It also means that Cardenia has inherited an empire that is more fragile than it may appear. Secret research happening at the most far-flung system in the Interdependency is about to tell her just how fragile.

John Clute and Malcolm Edwards provided one of the most famous backhanded compliments in SF criticism in The Encyclopedia of Science Fiction when they described Isaac Asimov as the "default voice" of science fiction: a consistent but undistinguished style that became the baseline that other writers built on or reacted against. The field is now far too large for there to be one default voice in that same way, but John Scalzi's writing reminds me of that comment. He is very good at writing a specific sort of book: a light science fiction story that draws as much on Star Trek as it does on Heinlein, comfortably sits on the framework of standard SF tropes built by other people, adds a bit of humor and a lot of banter, and otherwise moves reliably and competently through a plot. It's not hard to recognize Scalzi's writing, so in that sense he has less of a default voice than Asimov had, but if I had to pick out an average science fiction novel his writing would come immediately to mind. At a time when the field is large enough to splinter into numerous sub-genres that challenge readers in different ways and push into new ideas, Scalzi continues writing straight down the middle of the genre, providing the same sort of comfortable familiarity as the latest summer blockbuster.
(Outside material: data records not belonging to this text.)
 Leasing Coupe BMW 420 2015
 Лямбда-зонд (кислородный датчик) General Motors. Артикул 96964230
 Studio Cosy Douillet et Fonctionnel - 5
This is not high praise, and I am sometimes mystified at the amount of attention Scalzi gets (both positive and negative). I think his largest flaw (and certainly the largest flaw in this book) is that he has very little dynamic range, particularly in his characters. His books have a tendency to collapse into barely-differentiated versions of the same person bantering with each other, all of them sounding very much like Scalzi's own voice on his blog. The Collapsing Empire has emperox Scalzi grappling with news from scientist Scalzi carried by dutiful Scalzi with the help of profane impetuous Scalzi, all maneuvering against devious Scalzi. The characters are easy to keep track of by the roles they play in the plot, and the plot itself is agreeably twisty, but if you're looking for a book to hook into your soul and run you through the gamut of human emotions, this is not it.
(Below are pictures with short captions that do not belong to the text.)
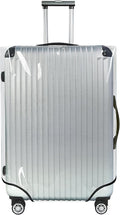 Explore Land Clear Luggage Cover Tough Protector Fits by ExploreLand
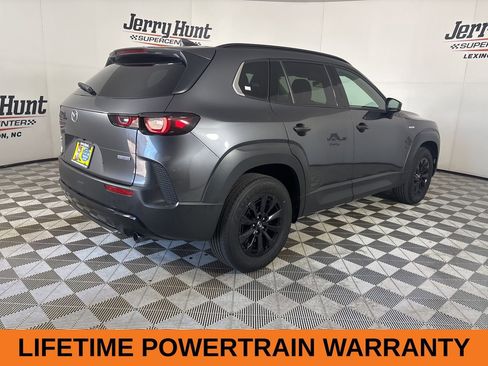 Used 2025 MAZDA CX-50 AWD 2.5 Hybrid w/ Premium Pkg image 5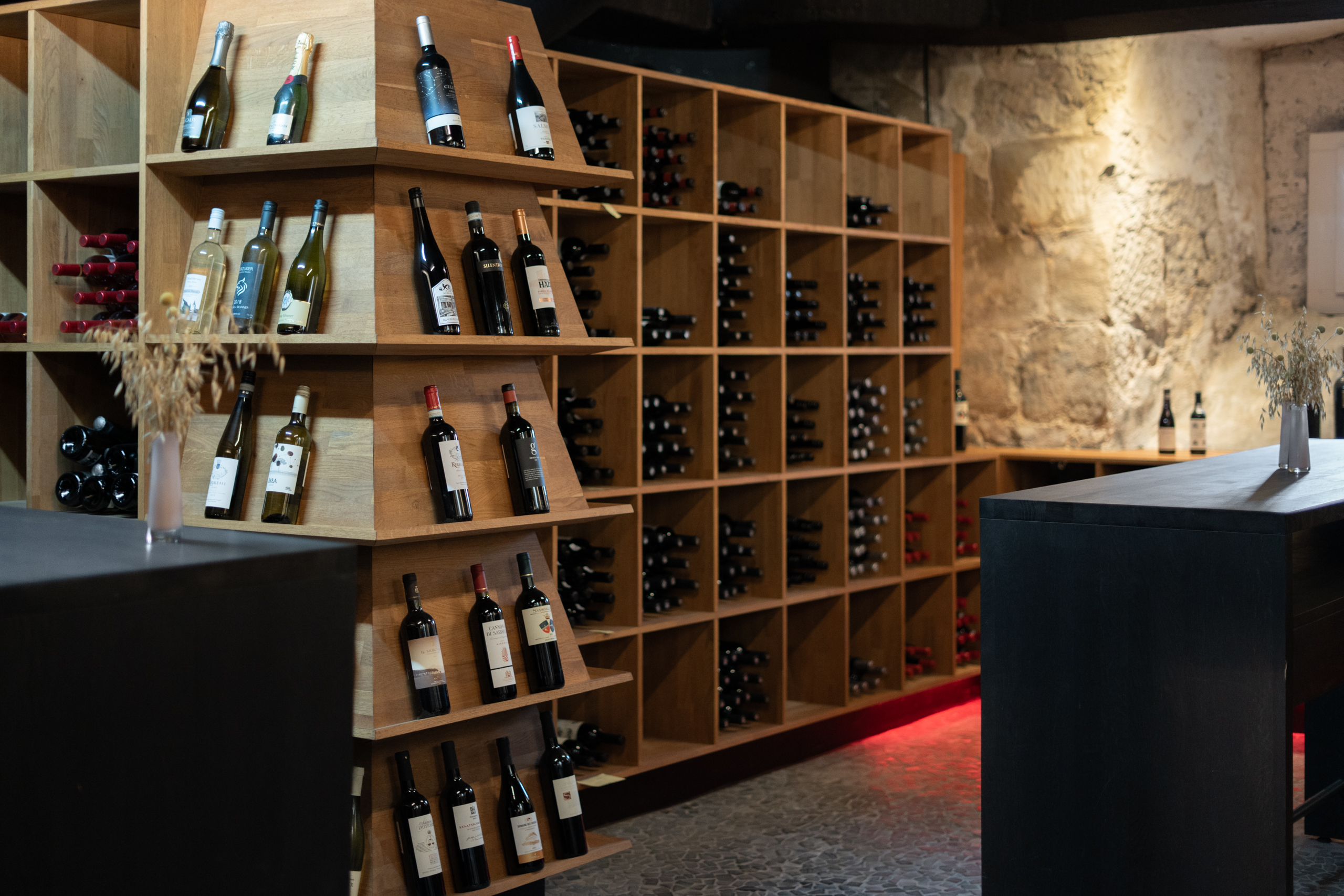 Weinkeller in Kappel am Albis, © 2026, Kloster Kappel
That is not necessarily a bad thing. I like that voice; I read Scalzi's blog regularly. He's reliable, and I wonder if that's the secret to his success. I picked up this book because I wanted to read a decent science fiction novel and not take a big risk. It delivered exactly what I asked for. I enjoyed the plot, laughed at some of the characters, felt for Cardenia, enjoyed the way some villainous threats fell flat because of characters who had a firm grasp of what was actually important and acted on it, and am intrigued enough by what will happen next that I'm going to read the sequel. Scalzi aimed to entertain, succeeded, and got another happy customer. (Although I must note that I would have been happier if my favorite character in the book, by far, did not make a premature exit.)

I am mystified at how The Collapsing Empire won a Locus Award for best science fiction novel, though. This is just not an award sort of book, at least in my opinion. It's book four in an urban fantasy series, or the sixth book of Louis L'Amour's Sackett westerns. If you like this sort of thing, you'll like this version of it, and much of the appeal is that it's not risky and requires little investment of effort. I think an award winner should be the sort of book that lingers, that you find yourself thinking about at odd intervals, that expands your view of what's possible to do or feel or understand.
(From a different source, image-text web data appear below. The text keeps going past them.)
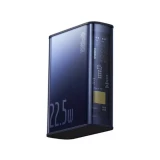 Baseus PPTSZ10 Semi Transparent 22.5W 10000mAh Digital Display Power Bank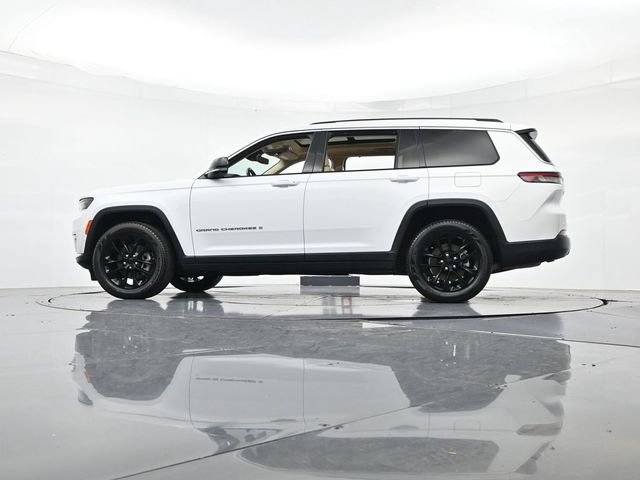 Used 2021 Jeep Grand Cherokee L Limited w/ Luxury Tech Group II AWD/4WD image 42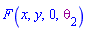 F(x, y, 0, theta[2])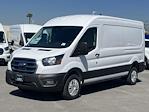 2023 Ford E-Transit 350 Medium Roof RWD, Empty Cargo Van for sale #FP2302 - photo 1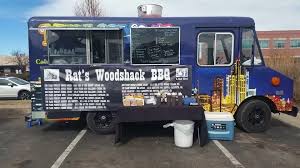 Rat's Woodshack BBQ Food Truck — Barbecue restaurant food truck in Longmont, Colorado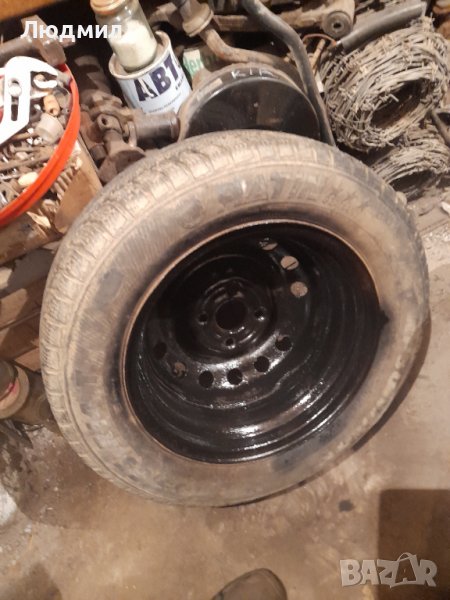 Гуми с джанти, снимка 1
But that complaint is more about awards voters than about Scalzi, who competently executed on exactly what was promised on the tin. I liked the setup and I loved the structure of Cardenia's inheritance of empire, so I do kind of wish I could read the book that, say, Ann Leckie would have written with those elements, but I was entertained in exactly the way that I wanted to be entertained. There's real skill and magic in that.

Followed by The Consuming Fire. This book ends on a cliffhanger, as apparently does the next one, so if that sort of thing bothers you, you may want to wait until they're all available.